Patrick Dupriez,  co-président d’Etopia, a animé la soirée

La transition écologique pensée à partir des plus précarisés est une opportunité pour réduire les inégalités sociales.
Créer des communs. Casser des murs. Sublimer la solidarité entre toutes et tous. Détruire tout système qui trie entre les vies qui comptent et celles qui ne compteraient pas.
Nous avons alors un chantier gigantesque, celui de la réduction des inégalités de manière structurelle. En tant qu’écologistes, nous sommes convaincus que les transitions énergétique, environnementale, alimentaire Et sociale se feront en grande partie dès le niveau communal avec l’implication tant des citoyens, des communautés locales que des forces politiques en place. La commune pourrait être profondément pensée comme la première ligne de la transition solidaire.
Les dons, colis alimentaires et aides des bénévoles dans de multiples domaines sont une chose devenue essentielle pour les plus précarisés, une question de survie parfois.

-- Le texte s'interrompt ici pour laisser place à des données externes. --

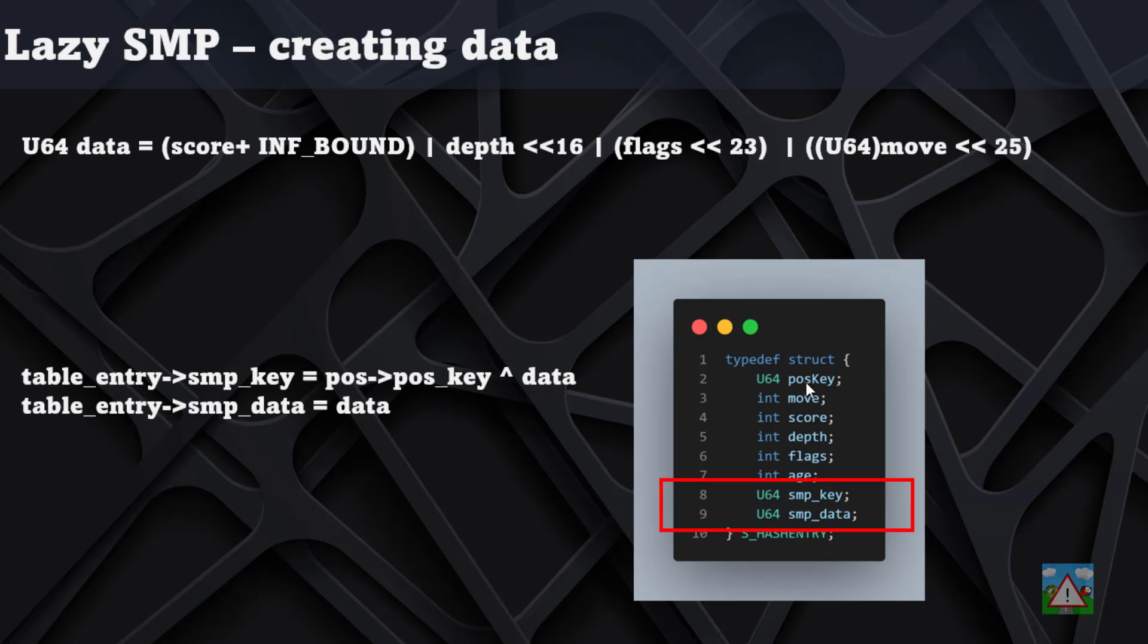We'll store the data, retrieve the data, but then cross-reference it with the original data that we're storing to make sure it's all correct before we go on and actually remove all of the unnecessary stuff from the hash entry and implement the lazy SMP. When it comes to storing the information, we'll create the data as explained with all of these shifts, and then the smp_key will be our position key XORed with the data, and then the data will simply be stored under smp_data.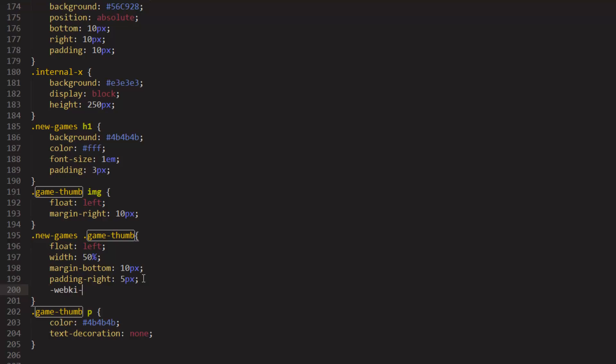We're going to be using the WebKit version. I think the full version is out for WebKit. I think you don't have to actually use the prefix anymore, but we're going to anyway, just for the sake of this. We're going to say WebKit box-sizing, and then we're going to say border-box.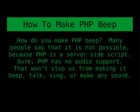So you want to know how to make your PHP script generate a beep? Many people say this is not possible because PHP was designed as a server-side script to produce HTML outputs and stuff like that, used as a server-side scripting language.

Cette réalité exprime toutefois ses limites, celles de la dépendance à la générosité et à la disponibilité des plus nantis ; celles d’un modèle social qui repose en partie sur le bénévolat. De même les dons suscités par des opérations comme Viva For Life, s’ils sont devenus indispensables pour bons nombre d’associations ils sont inacceptables dans leur essence parce qu’ils impactent le portefeuille des citoyens et compensent les manques de l’état alors que ce sont des mesures structurelles qui doivent être mises en place par celui-ci.

Une soirée d’échanges constructifs avec 6 intervenants pour nous éclairer, nous inspirer en vue d’un mieux-être collectif.

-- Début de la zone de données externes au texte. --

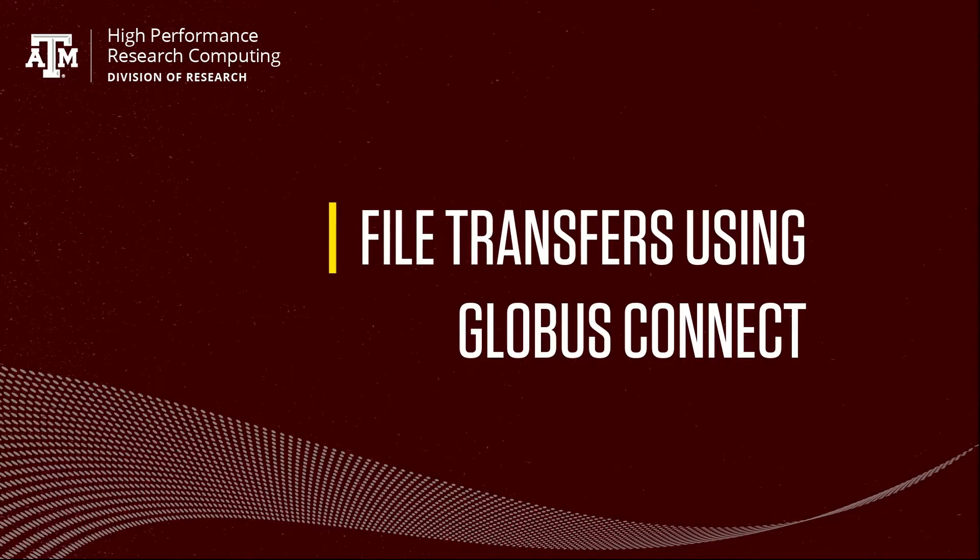Hello, and welcome to another installment of TAMU HPRC's video tutorial series. My name is Shayna, and today I'll be showing you how to transfer files to, from, and between the TAMU HPRC supercomputing clusters using Globus Connect.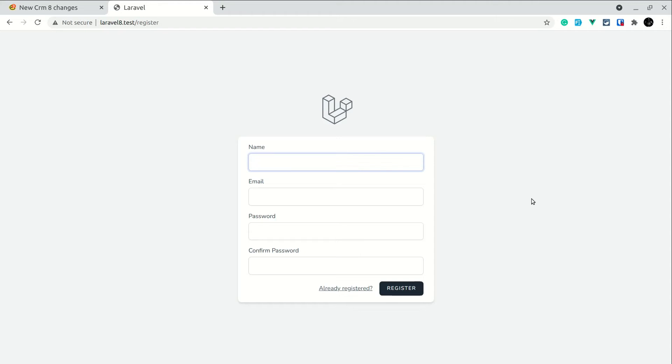Hey what's up guys, welcome to Lara tips. In today's video we'll be looking at how we can make sure that whenever someone registers on our website they always have a very secure password.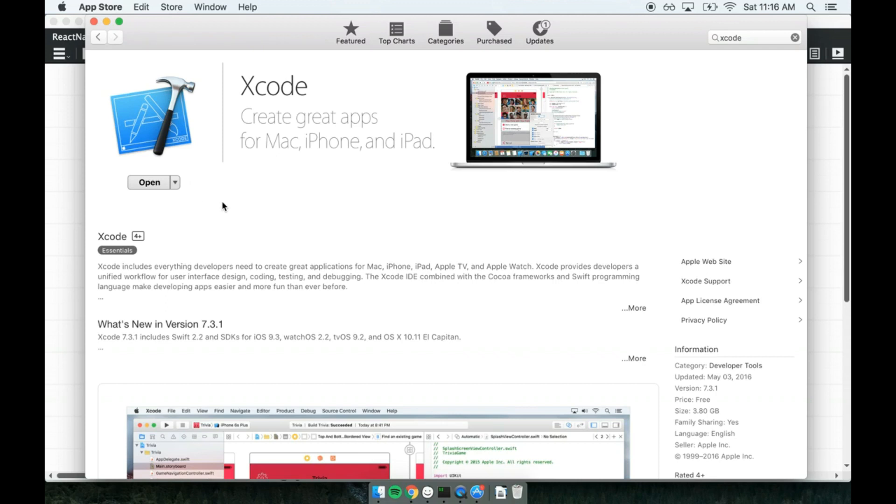One or two windows will pop up, and it'll just say, accept the license agreement or what have you. Just click Accept, and it will install Xcode for you.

Lors de la soirée du 25 avril 2024, trois acteurs locaux étaient les témoins de différentes réalités de terrain : Guillaume Henin (coordinateur de Soli-Dons), Luc Nachtergaele (président de l’association Saint-Vincent de Paul) et Maelle Dewaele (coordinatrice du récent Relais Social en Brabant wallon).

Guillaume Henin

Quant à Philippe Defeydt (économiste, ancien président du CPAS de Namur et de la fédération des CPAS) ; Jacinthe Mazzocchetti (auteure anthropologue et professeure à l’UCLouvain); Madeleine Guyot (directrice générale de la Ligue des familles), ils.elles nous ont permis de prendre un peu de hauteur.

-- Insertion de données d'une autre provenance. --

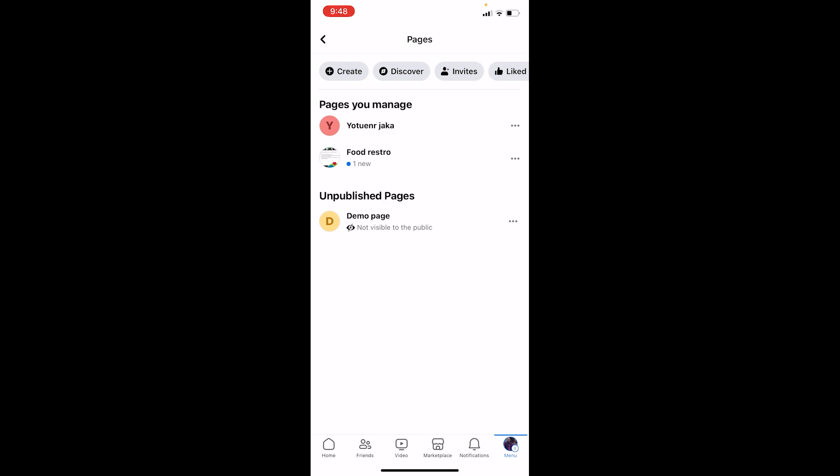Now your page does not have a password. If you do not know, in order to create a page on Facebook you need to have a Facebook account, and from inside that Facebook account you create the Facebook page. So your Facebook page does not have a password, but the Facebook account which you used to create that page has a password. So in simple terms, there is no such thing as a password for a Facebook page.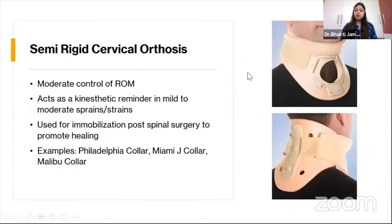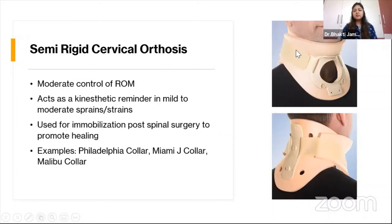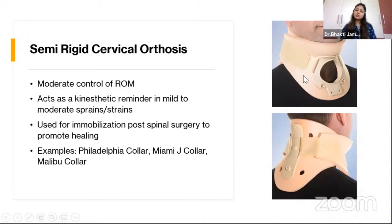The semi-rigid cervical orthosis limits mild to moderate range of motion and acts as a kinesthetic reminder for mild to moderate sprains. It helps immobilize post-surgery to promote healing. It comes in an anterior and posterior shell attached by a velcro strap, with an anterior opening for tracheostomy to assist immobilization post-cervical surgeries. Examples include the Philadelphia collar, Miami J collar, and Malibu collar — all semi-rigid cervical orthoses.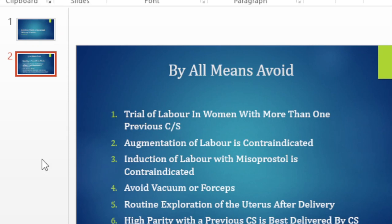The second common mistake that we make is the augmentation of labor. We want to give oxytocin in a woman with a previous cesare, whether she's got one previous cesare or she's got three previous cesare. Again, in our environment, because our monitoring facilities and the human resources are not up to date, it is better, it is safer, if you avoid augmenting women with a previous cesare.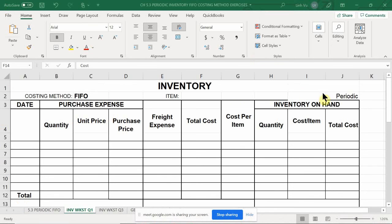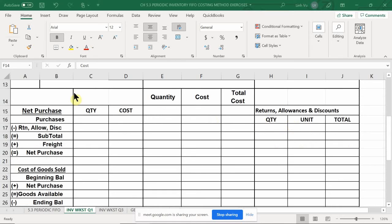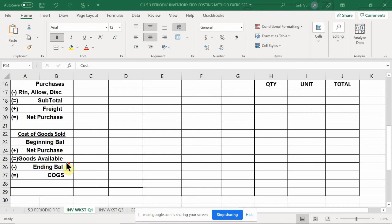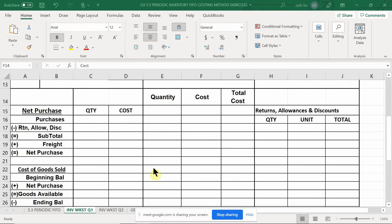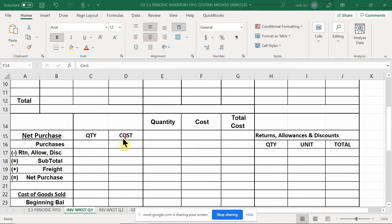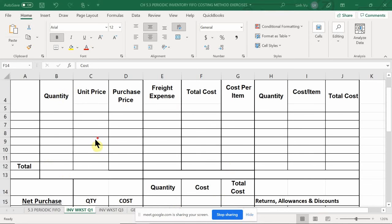We're going to talk about how to cost out inventory, especially periodic inventory. This is what the worksheet would look like — it's split into a couple sections: your purchases section, your inventory on hand section, a section to calculate your total new balances, a workspace, and your returns and allowances. Today, we're going to be focusing on purchases only.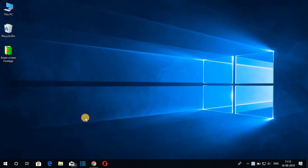Hello everyone, I'm back with another video. In this video we are going to discuss how we can install Eclipse IDE on Windows 10. That being said, let's get started.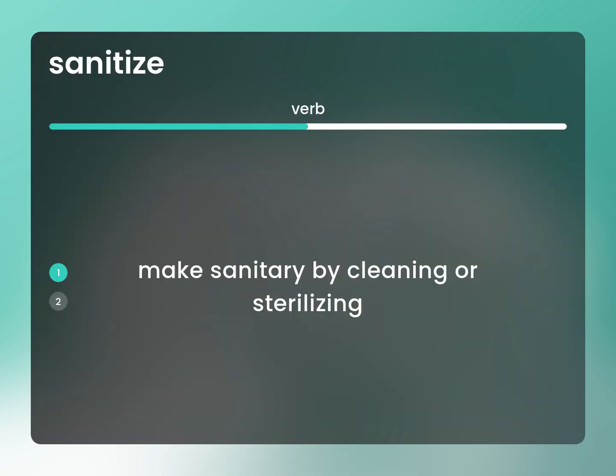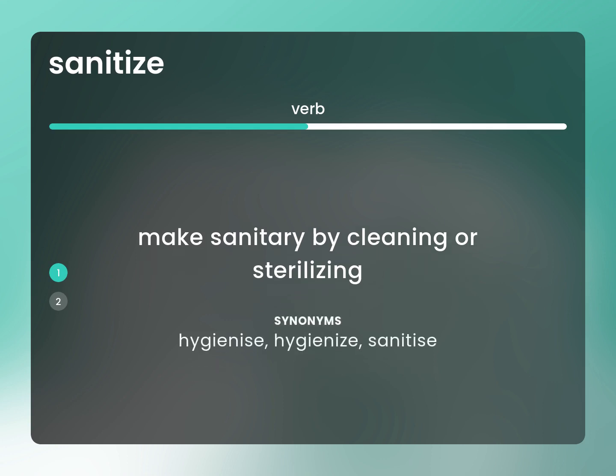Make sanitary by cleaning or sterilizing. Hygienists, sanitize.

Cinq besoins essentiels-qui sont également des droits fondamentaux- ont plus particulièrement été explorés : se protéger, se mettre à l’abri, être en sécurité ;se nourrir, manger à sa faim et sainement ; grandir en sécurité ; éduquer, protéger ses enfants dans le respect de leurs droits ; se soigner, prendre soin de soi et de sa famille.

Les intervenants nous ont dressé un état de la situation et des difficultés rencontrées.

Concernant l’accès à l’alimentation le constat est alarmant. A Genappe, 2 associations sont actives : Saint Vincent de Paul qui œuvre depuis des décennies avec de nombreux bénévoles et plus récemment, Soli-dons qui pour Nivelles et Genappe bénéficie de 2 salariés, 2 bénévoles et 4 personnes en réinsertion sociale.

Le nombre de demandes d’aide a quasiment doublé en 3 ans. A titre d’exemple, ce sont à Genappe quelque 300 personnes qui sont bénéficiaires chaque semaine.

Dans ce contexte d’augmentation de la précarité, Guillaume Henin et Luc Nachtergaele soulignent un manque important de moyens en personnel, financier et en projection d’approvisionnement !

Luc Nachtergaele

Toute personne qui travaille dans l’aide alimentaire directe est aussi témoin de la détresse, du découragement et du stress des familles prises dans des globalités complexes, difficilement supportables.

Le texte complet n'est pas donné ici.